Regardless of what you want to assume about Barrack's relationship with Rev. Wright, how often he actually attended the church, or what he may have thought about the sermons one must consider for themselves what they would have done in Barracks position. Would you have sat there and quietly listened while someone ranted bigotry, racisms, and anti-Americanism? I hope not and I would expect you to hold Barrack to that same standard. Why didn't he denounce Rev. Wright even once for 20 years until it became an issue during the campaign? I don't want to believe Barrak feels the same way about white people as Rev. Wright, Cone and Hopkins do. I choose to believe that maybe he lacked the courage to argue with a man he thought of as a mentor. But, then you also have to ask, how much influence on my life have people had I consider role models and or spiritual mentors? How much influence have the teachings of Rev. Wright, Cone, and Hopkins had on Obama's life?



Conclusion:

We can't say for sure that Obama is a racist nor unpatriotic and I do not mean to label him as such. We can assume that Rev. Wright is a bigot, racist and unpatriotic based on his comments both on and off the pulpit. We can draw clear conclusions that the Black Liberation Theology has a racist slant which is hardly Christian. The idea of the Black Liberation Theology completely washes over the historical importance that Christianity had on the abolishment of slavery in the USA. We know that Obama did not denounce a man he himself called a role model until it became necessary to maintain his political career. These points are difficult to argue against. Therefore few possible conclusions can be drawn. Either Obama lacked the courage and conviction to rise up against racism and bigotry or he agreed with it. So if he lacks the courage or conviction to stand up to one such as Rev. Wright how can we expect him to stand up for us as our President? If he agrees with the sermons then what path will he lead our country down? How many times have you sat silent while someone spewed hate, bigotry and racism? As a minimum maybe you can say, well I never denounced a hate monger but I chose not to further associate with them. All Obama would have had to do is walk away from Wright, his teachings and his church. He didn't. Maybe it was because he saw it as a means to further his career? A reverend of a church in a mostly black community with approximately 10,000 parishioners might have had something to do with it. Or maybe it was because he agrees with those ideals of Wright. How many of you call racists mentors and role models? No one I want as a friend does. No one I want as a President should.

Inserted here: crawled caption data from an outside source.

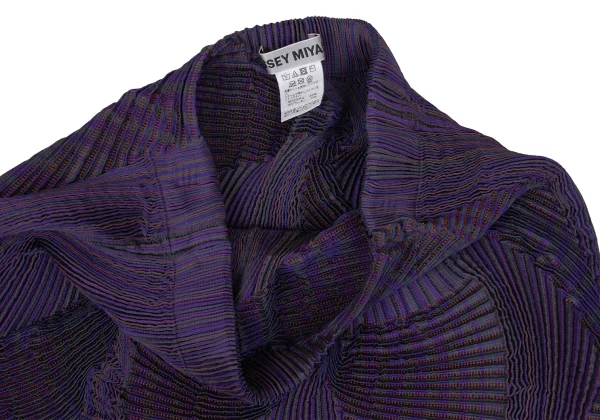 ISSEY MIYAKE 3D Steam Stretch Pleated Stripe Jacket & Skirt K-171580_015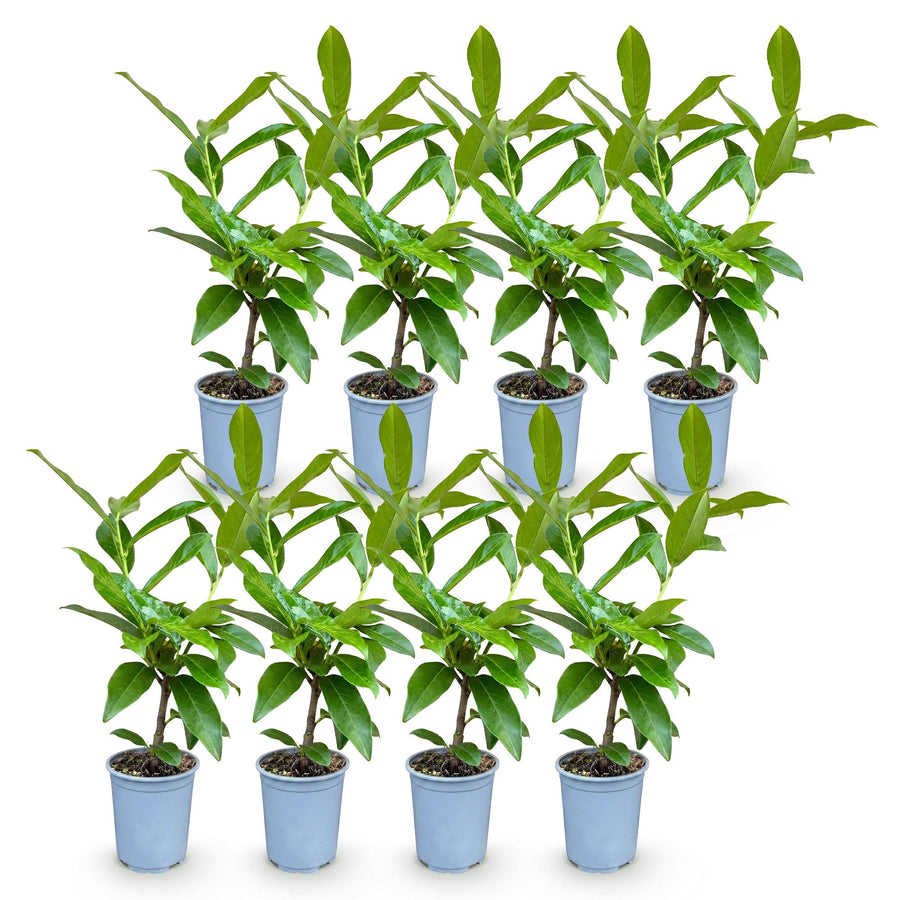 Prunus laur. Novita — Laurierkershaag, 8 stuks, 25-35 cm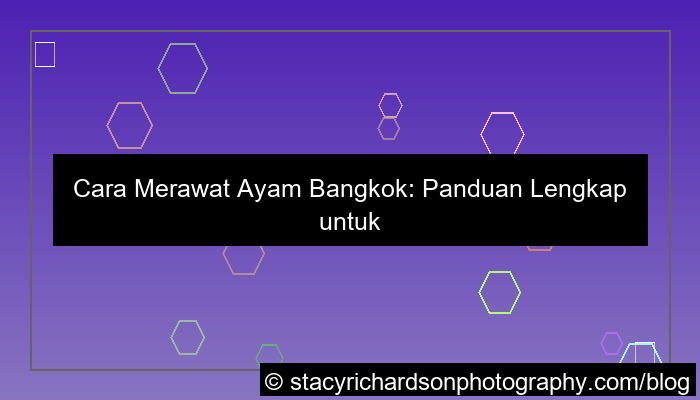 desain cara merawat ayam bangkok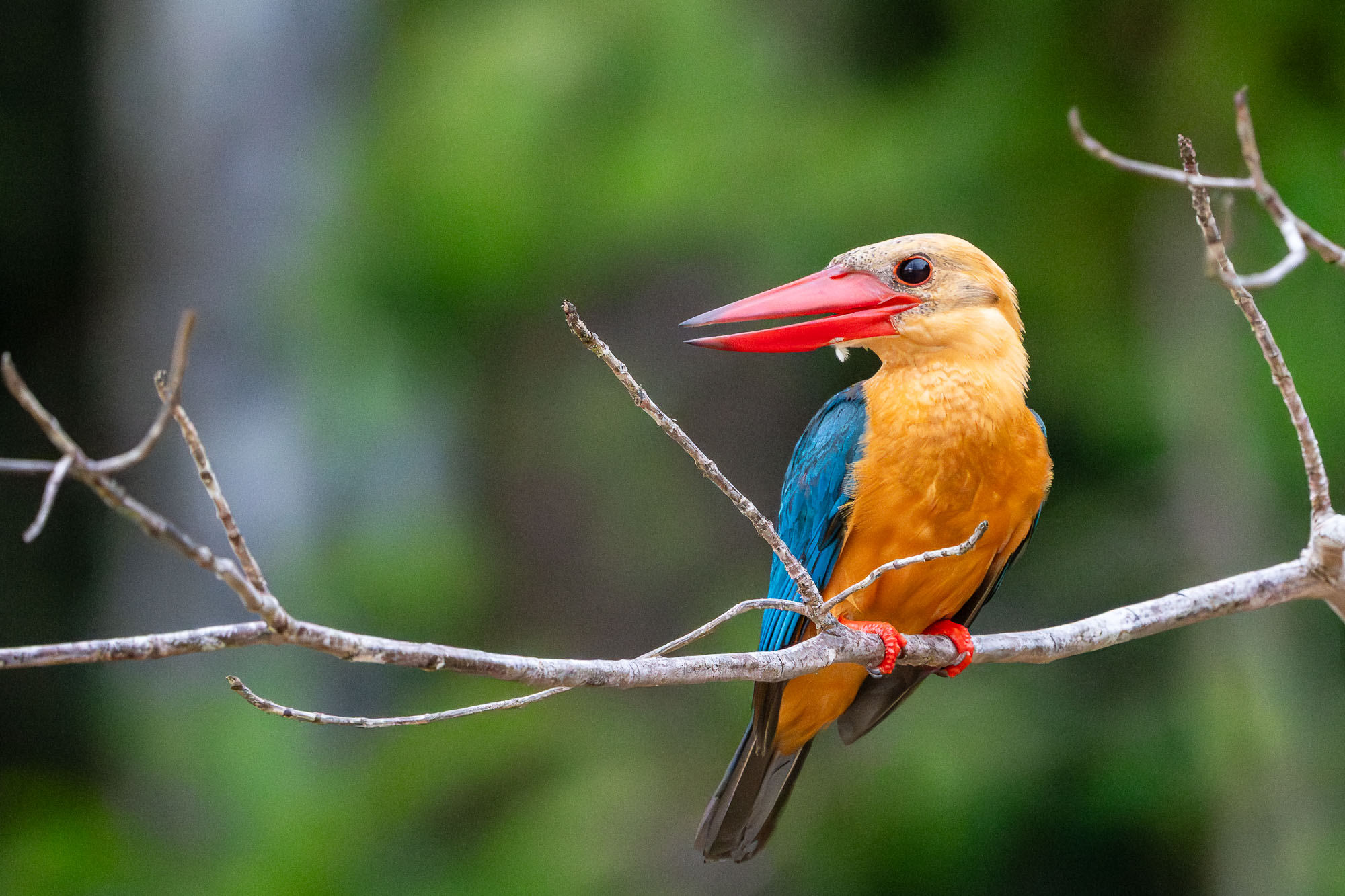 Auf Ast sitzender Eisvogel in Borneo.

This is the final associate from Obama's past we'll be discussing here.  Of course there are other's we could bring up but I think the three I've posted about (Raila Odinga, Bill Ayers, and Rev. Wright) are the prime 3 which are "officially" in his past.  They supposedly have no direct contact with him today.  So now lets look at people which he is still currently in contact with.  The next few posts will focus on his association since becoming President.  I'd like to specifically look at the people he has chosen to elevate into positions of power in government.  As we go forward please ask yourselves this: If these people are Communists, Marxists, racists, and in general radicals and extremists why then would Obama hire these people and/or associate with them if he didn't appreciate and value their point of view?